Con Oprah Winfrey a sostenere tutta l'operazione, a produrre e a recitare (in un ruolo ovviamente troppo presente), il film è un'elegia della non violenza, della giustizia e dell'insopprimibile sete di uguaglianza di un popolo che non ha nessun timore a definirsi "come nessun altro", una sarabanda di valori positivi ben esposti e raccontati con il sentimentalismo corretto, misurato e delicato che è lecito aspettarsi. È un racconto fatto da vincitori (Oprah Winfrey a suo modo lo è) e non uno di chi ancora sta lottando.

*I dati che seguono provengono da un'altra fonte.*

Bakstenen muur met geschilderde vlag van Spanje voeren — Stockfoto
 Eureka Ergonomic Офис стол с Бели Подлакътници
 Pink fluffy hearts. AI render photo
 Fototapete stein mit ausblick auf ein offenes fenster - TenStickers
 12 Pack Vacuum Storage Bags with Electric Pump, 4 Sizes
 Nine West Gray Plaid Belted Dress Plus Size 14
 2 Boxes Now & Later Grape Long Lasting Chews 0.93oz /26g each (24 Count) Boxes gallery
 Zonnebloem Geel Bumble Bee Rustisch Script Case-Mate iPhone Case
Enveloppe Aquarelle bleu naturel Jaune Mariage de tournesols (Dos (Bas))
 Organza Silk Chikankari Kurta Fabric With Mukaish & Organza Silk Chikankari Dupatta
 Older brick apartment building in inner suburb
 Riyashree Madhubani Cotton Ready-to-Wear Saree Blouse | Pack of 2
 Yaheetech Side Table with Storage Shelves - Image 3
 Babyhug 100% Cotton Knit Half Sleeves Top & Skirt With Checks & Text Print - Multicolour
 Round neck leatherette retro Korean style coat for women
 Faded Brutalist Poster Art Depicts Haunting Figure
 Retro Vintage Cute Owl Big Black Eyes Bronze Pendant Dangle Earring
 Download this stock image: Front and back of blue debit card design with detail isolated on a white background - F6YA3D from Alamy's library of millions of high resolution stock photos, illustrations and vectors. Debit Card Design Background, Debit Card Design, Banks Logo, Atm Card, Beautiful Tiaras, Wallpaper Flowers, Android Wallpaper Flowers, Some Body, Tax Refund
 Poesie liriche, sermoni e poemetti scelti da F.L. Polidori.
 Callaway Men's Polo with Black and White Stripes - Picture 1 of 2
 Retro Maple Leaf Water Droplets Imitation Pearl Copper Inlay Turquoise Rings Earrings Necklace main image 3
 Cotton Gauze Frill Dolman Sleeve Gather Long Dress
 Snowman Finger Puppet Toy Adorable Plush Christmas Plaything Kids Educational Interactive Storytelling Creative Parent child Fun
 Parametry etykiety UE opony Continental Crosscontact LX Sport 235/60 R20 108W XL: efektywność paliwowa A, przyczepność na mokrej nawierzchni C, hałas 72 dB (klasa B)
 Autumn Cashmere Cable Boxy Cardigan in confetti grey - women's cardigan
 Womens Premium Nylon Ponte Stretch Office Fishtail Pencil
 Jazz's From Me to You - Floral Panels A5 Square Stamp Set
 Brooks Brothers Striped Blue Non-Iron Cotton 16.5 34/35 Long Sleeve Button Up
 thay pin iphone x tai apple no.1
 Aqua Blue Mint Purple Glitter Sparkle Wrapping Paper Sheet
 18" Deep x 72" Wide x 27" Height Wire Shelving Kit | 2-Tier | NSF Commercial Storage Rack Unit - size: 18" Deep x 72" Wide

Selma sostanzialmente è un'opera impeccabile senza nemmeno una briciola d'audacia, una che contrariamente ai protagonisti che racconta non ha la minima volontà di fare la differenza o di prendere posizioni difficili a proprio rischio e pericolo. Se è vero che la storia è tale a partire dalla lettura che ogni epoca ne dà e che questo genere di film servono proprio a cambiare le priorità e la rilevanza che diamo a correnti, episodi e figure storiche, è anche obiettivo che difficilmente si poteva fare un film più innocuo.
Recitato con intensità, scritto con attenzione al dettaglio e alla correttezza Selma ha come bersaglio categorie umane che o non esistono più o sono già relegate alla peggiore posizione nella realtà dei fatti, ai margini della società. Un film che chiede al pubblico di prendere la posizione più semplice e quindi, indirettamente, lo distoglie da quelle più complicate e attuali. Ava DuVernay sceglie di non gettare nessuna luce sul presente, di concentrarsi sulle vittorie del passato senza sottolineare mai come il problema non siano tanto gli estremisti (che alla fine del film le didascalie riportano essere poi finiti malissimo) quanto quella fetta di società che accetta l'integrazione razziale solo formalmente ma mai fino in fondo.
Ogni discorso di Martin Luther King è mostrato con l'enfasi dei vincitori, non con la predestinazione della morte (che arriva sotto forma di didascalia, anch'essa con pochissima enfasi), ogni passo verso la conquista è mostrato come un trionfo a senso unico che non lascia strascichi o problemi.
Se il razzismo è una questione ancora aperta questo film dice agli spettatori: "È tutto a posto. Abbiamo vinto. È finita".